Community centres often attract unwanted attention from burglars so security was also a primary consideration. Mardome Ultra rooflights feature a secret lock system which allows the domes to be installed and locked securely in place, offering complete peace of mind.

Five Brett Martin Mardome Sunlight tubular rooflights were also used to provide maximum light transmission into the centre’s ground floor level. The polycarbonate dome, which is designed to facilitate fast, hassle-free installation, sits on a roof plate to collect the maximum amount of daylight possible, which is then transmitted to the interior below through a rigid aluminum tube.

Rooflight installation

All reputable rooflight manufacturers not only design and manufacture rooflights carefully to offer the best levels of illumination, insulation, ventilation and non-fragility as well as resisting design loads, but also supply these with detailed installation instructions.

Rooflights will only perform properly if these installation instructions are followed fully and correctly, and are fitted with the recommended accessories (eg fasteners, sealants and fillers). This is essential, not only to ensure rooflights are fully secured to remain weathertight and resist all design loads correctly (including wind and snow), but also to maintain safety, to ensure that once installed with the surrounding roof, the intended non-fragility classification will be achieved, and retained for the intended period.

Failure to follow installation instructions correctly can result in rooflights that are fragile, or will leak, or be unable to resist wind or other loads, or which may deteriorate more rapidly over time.

Generally, rooflight installation is straightforward and can be carried out easily by trained and experienced roofing contractors. Installers should not only install rooflights fully in accordance with installation instructions, but should do this using the safe working practices required for all work at height.

Any risk assessment should include a full understanding of when a roof assembly incorporating rooflights can be regarded as non-fragile (which may allow secondary protection to be removed), and the safe method of work must also ensure that foot traffic will be avoided on any rooflight as this may result in damage, necessitating replacement. For any refurbishment work, old rooflights should always be regarded as fragile unless evidence is available to the contrary, and appropriate precautions taken.
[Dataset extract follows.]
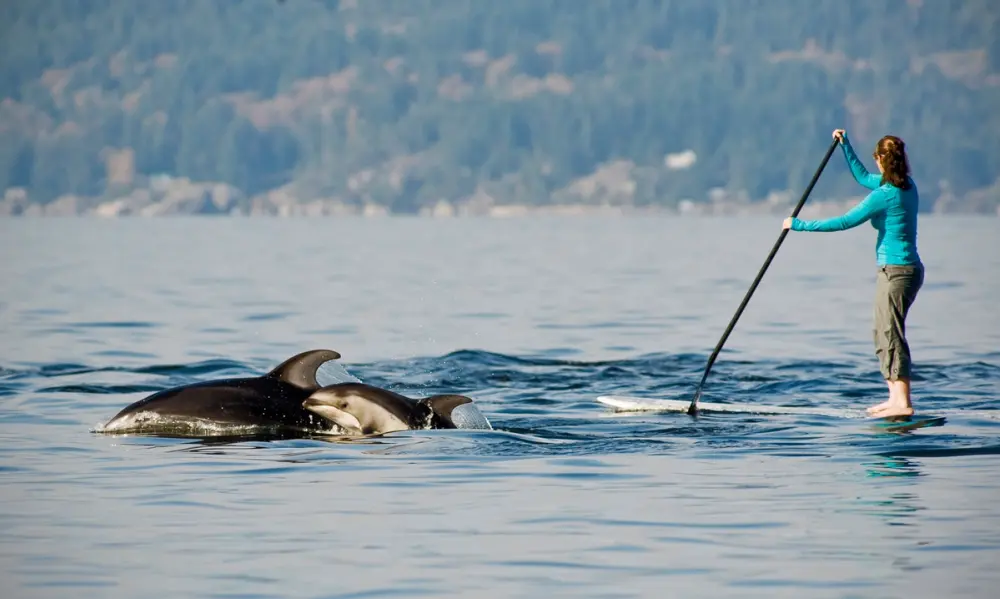5 Ways to Get Out on the Water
Some particularly large or complex skylights may be installed by specialist glazing contractors or rooflight manufacturers’ own installation teams. Special consideration may be needed, including specialised access equipment, safe hoisting to the roof of rooflight materials, temporary protection of openings prior to rooflight installation, precautions for working over open areas, and/or the need for safe working platforms (with safe access/egress) in those areas, as well as the usual requirements such as perimeter edge protection, safety nets and secure access and egress from the roof.

Roofing contractors may provide safe access and all necessary precautions for specialised staff to install the rooflight itself, or the risk assessment and method of working may be part of the installation package. Responsibilities should be clear, but the same overall requirements always apply — the rooflights must be installed in accordance with the manufacturer’s recommendations, with installation work carried out in a safe manner, with all risks mitigated as far as possible.

Click here to be taken to the online CPD test paper for the March 2013 issue


Comments

Excellent article and roof lights have often appealed to me and been used.

There is however, one small point which could be mentioned; that is the need to make some provision for cleaning. True we have very good self cleansing glass these days, if it can be afforded and meets the requirements, but frames also need to be maintained and I have found also found that some flashings do not last for ever.

I appreciate that this CPD is intended to inspire as well as educate, so keep up the good work.

Rob Visser, 22 March 2013

Interesting to understand the benefits (wellbeing ) of roof lights . Also the development of the product in relation to the materials used allowing for larger spans.